* WORK INSTRUCTION
The output is the lines below from the one with "Cho thuê nhà" through the one with "6 In 1 Ultrasonic", both included, printed exactly and with no other line.

* SOURCE MATERIAL
--- START ---
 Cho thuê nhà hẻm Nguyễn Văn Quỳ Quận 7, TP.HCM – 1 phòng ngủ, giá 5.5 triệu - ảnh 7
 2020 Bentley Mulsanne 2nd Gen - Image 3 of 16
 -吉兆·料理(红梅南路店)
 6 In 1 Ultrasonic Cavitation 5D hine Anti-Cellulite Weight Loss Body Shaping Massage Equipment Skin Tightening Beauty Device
--- END ---
--- START ---
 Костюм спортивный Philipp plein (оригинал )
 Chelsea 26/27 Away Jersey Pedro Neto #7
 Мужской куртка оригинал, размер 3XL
--- END ---
--- START ---
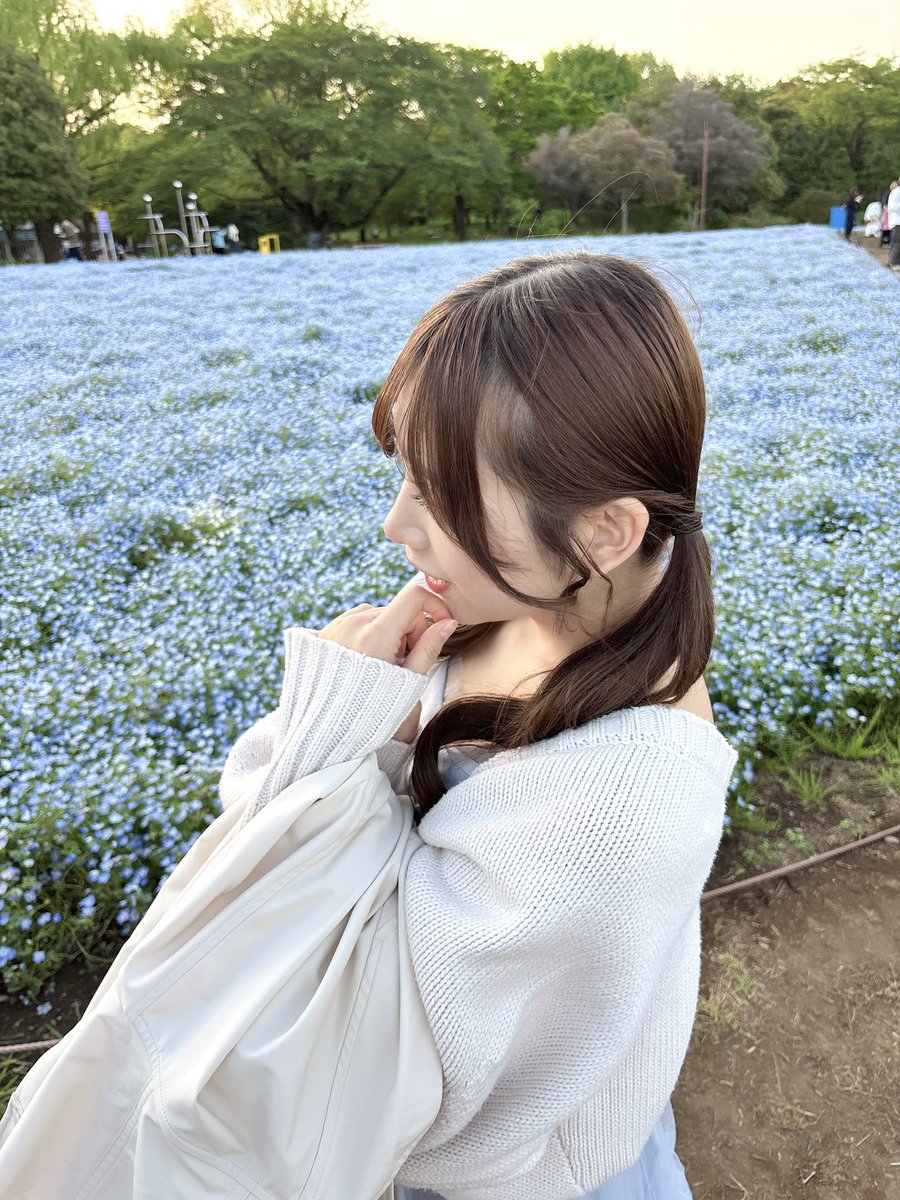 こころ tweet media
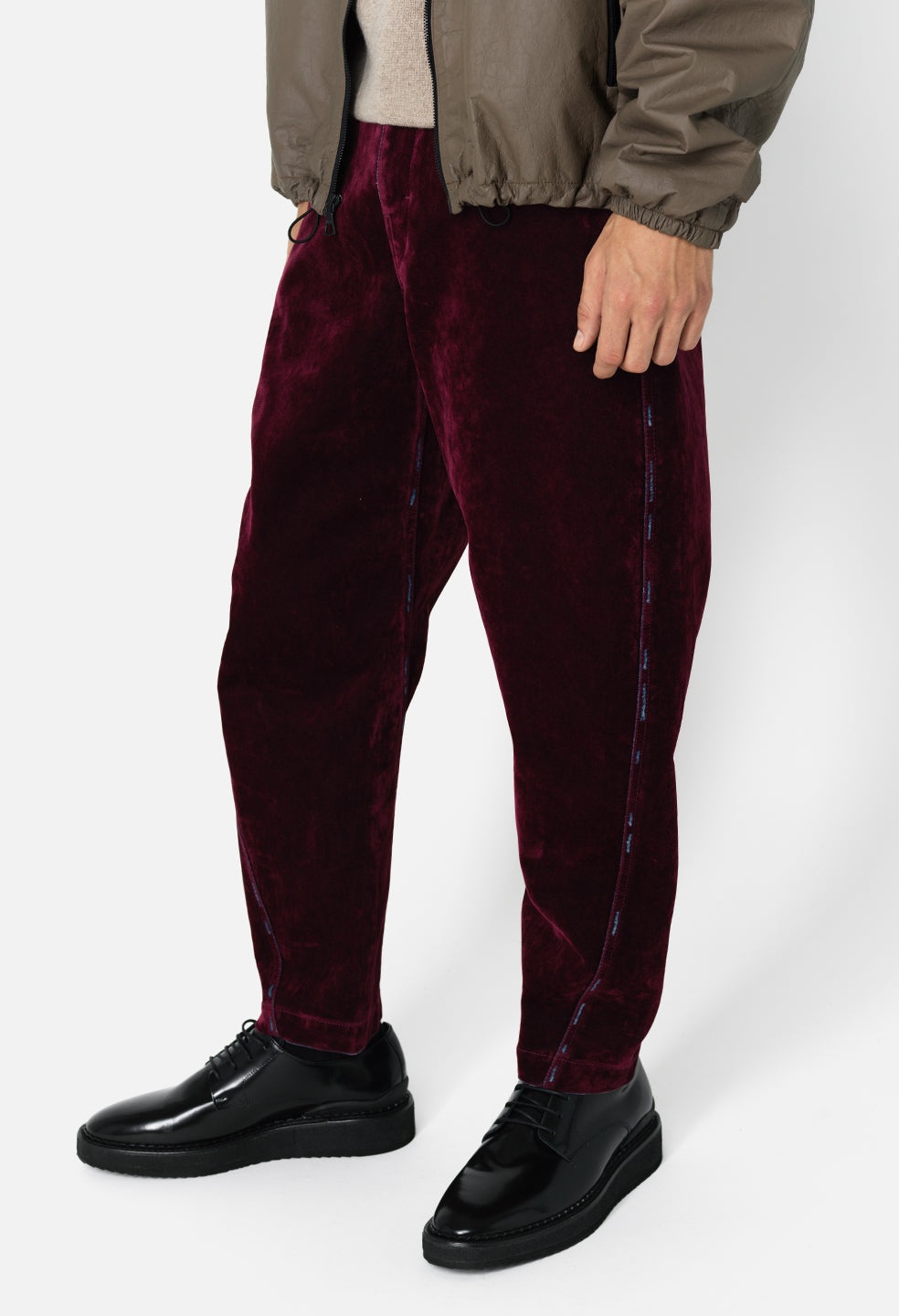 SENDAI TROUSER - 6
--- END ---
* PROBLEM SOLUTION
 Cho thuê nhà hẻm Nguyễn Văn Quỳ Quận 7, TP.HCM – 1 phòng ngủ, giá 5.5 triệu - ảnh 7
 2020 Bentley Mulsanne 2nd Gen - Image 3 of 16
 -吉兆·料理(红梅南路店)
 6 In 1 Ultrasonic Cavitation 5D hine Anti-Cellulite Weight Loss Body Shaping Massage Equipment Skin Tightening Beauty Device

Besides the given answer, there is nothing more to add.